Finally, you will need two plain text files that provide the command line
arguments to QEMU. You can simply copy these from Xilinx’s [Vitis GitHub page]
and save them to your boot
directory. Note that, unfortunately, the names of
these two files do matter: they should be named qemu_args.txt
and
pmu_args.txt
respectively.
Vitis uses these software components to run the software and hardware emulation targets, which we’ll get to later.
Generate a Xilinx Platform File
NOTE: You can skip this step if you are using a pre-packaged embedded platform.
Vitis introduces some new jargon: platforms, domains, and system projects. A platform is essentially the hardware platform which we created in step 1. Each platform has one or more domains. A domain is the BSP or OS that controls a group of processors in the hardware. A system project is a container for multiple applications that run on different domains at the same time.
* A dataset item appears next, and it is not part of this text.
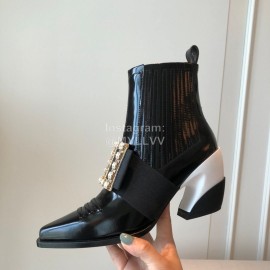Roger Vivier Autumn Winter New Classic High Heeled Boots For Women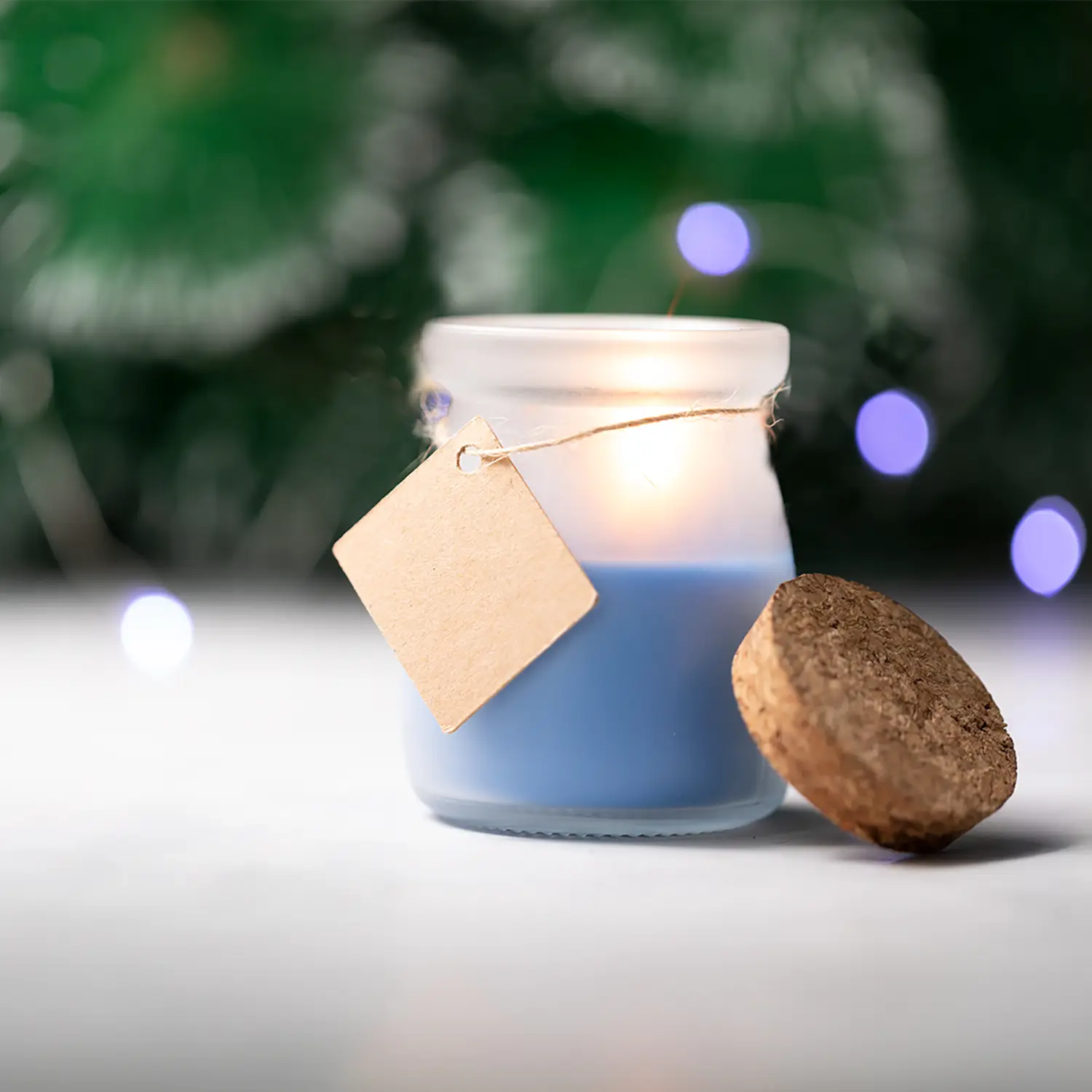 Kaars Mees – Glas | Kurken Deksel | Vanillegeur | Decoratief | Herbruikbaar Potje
In our example, the domain is simply Linux running on the ARM Cortex A53
processor. You can create the platform file in the Vitis GUI by following the
instructions here or you can simply run the following commands from xsct
(assuming you’re currently in your project directory):
platform create -name vitis_example -hw /path/to/vitis_example.xsa -proc psu_cortexa53 -os linux -no-boot-bsp -prebuilt -out ./build/platform
domain config -image ./build/boot
domain config -sysroot ./build/sysroot
domain config -boot ./build/boot
domain config -bif ./build/boot/linux.bif
domain config -qemu-args ./build/boot/qemu_args.txt
domain config -pmuqemu-args ./build/boot/pmu_args.txt
domain config -qemu-data ./build/boot
platform generate
This will create an xpfm
file in
build/platform/vitis_example/export/vitis_example/
alongside two directories:
hw
and sw
. If you copy or move the xpfm
file, you must also move the hw
and sw
directories, as the xpfm
file depends on these two directories and
expects them to be adjacent to itself.
Write and Compile Your Kernels
Writing OpenCL or Vivado HLS kernels is a huge topic that is beyond the scope
of this guide. As a simple example, however, assume we have the following
multiply-and-add kernel at kernels/axpy/axpy.c
:
void axpy(float const *a, float const *x, float const *y, float *out, int const len)
{
#pragma HLS INTERFACE m_axi port=a offset=slave
#pragma HLS INTERFACE m_axi port=x offset=slave
#pragma HLS INTERFACE m_axi port=y offset=slave
#pragma HLS INTERFACE m_axi port=out offset=slave
#pragma HLS INTERFACE s_axilite port=a bundle=control
#pragma HLS INTERFACE s_axilite port=x bundle=control
#pragma HLS INTERFACE s_axilite port=y bundle=control
#pragma HLS INTERFACE s_axilite port=out bundle=control
#pragma HLS INTERFACE s_axilite port=len bundle=control
#pragma HLS INTERFACE s_axilite port=return bundle=control
for (int i = 0; i < len; i++) {
#pragma HLS PIPELINE
out[i] = a[i]*x[i] + y[i];
}
}
The first step is to compile our kernel into a Xilinx object file (.xo
):
mkdir -p build/sw_emu
v++ --platform ./build/platform/vitis_example/export/vitis_example/vitis_example.xpfm -t sw_emu -g -o build/sw_emu/axpy.xo -c kernels/axpy/axpy.c
Note that the xpfm
file created in the last step is a required argument to
the v++
compiler.
If you are using a pre-packaged embedded
platform, supply the name of the platform as
the argument to the --platform
command line flag. For example,
v++ --platform zcu102_base ...
Once you have one or more .xo
files, you can link them together into an
.xclbin
file:
v++ --platform ./build/platform/vitis_example/export/vitis_example/vitis_example.xpfm -t sw_emu -g -o build/sw_emu/axpy.xclbin -l build/sw_emu/axpy.xo
Also note that we passed the -t sw_emu
option to v++
in both the compile
and link phases. The -t
option is mandatory and determines what actually is
produced in the .xclbin
file. The available options are sw_emu
, hw_emu
,
or hw
. For now, we’ll just use sw_emu
(meaning “software emulation”).
We now have our platform file and our xclbin
file. All that’s left is to
write and compile the host code and test our application in the emulator.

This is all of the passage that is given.